He showed his first tragedy, Géta, to the comedian Baron, who spoke ill of it while offering to buy it for 200 francs. Comedian Champmeslé, who also read the play, then lend the author the money to have it printed. The play was given with success[1] at the Théâtre-Français, where Péchantré had two other tragedies presented afterward, then two more at collège d'Harcourt.

Nicolas of Péchantré died at the age of 70, as he was finishing to compose an opera entitled Amphion et Parthénopée.[2]

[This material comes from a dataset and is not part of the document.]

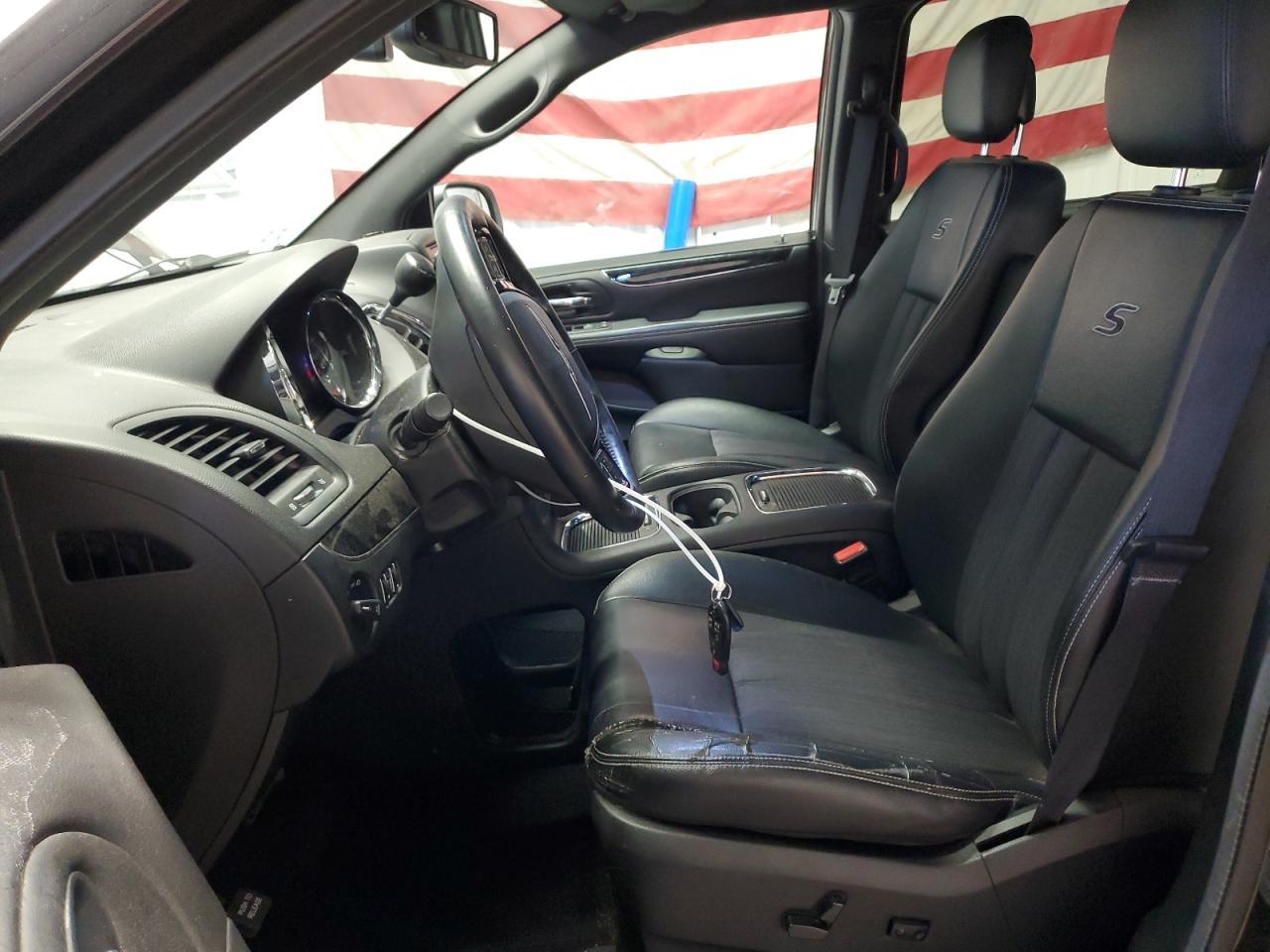 2016 Chrysler Town & Country S - Фото 7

His name is linked to an anecdote often told in France as in England.[3] While working in an inn, he forgot a sheet of paper on which he had scribbled: "Here the king will be killed." The innkeeper ran to notify the district commissioner who asked to inform him if that person returned, which happened soon. At the moment, holding in his hand the paper, the commissioner was about to arrest him but Péchantré exclaimed:

Ah! Sir, I am delighted to find this paper I searched for days! This is the scene where I have to put Nero's death in a tragedy on which I work.

True or false, a century later this anecdote would provide Charles-Augustin de Bassompierre the subject of a little comedy, Péchantré, ou une scène de tragédie.[4]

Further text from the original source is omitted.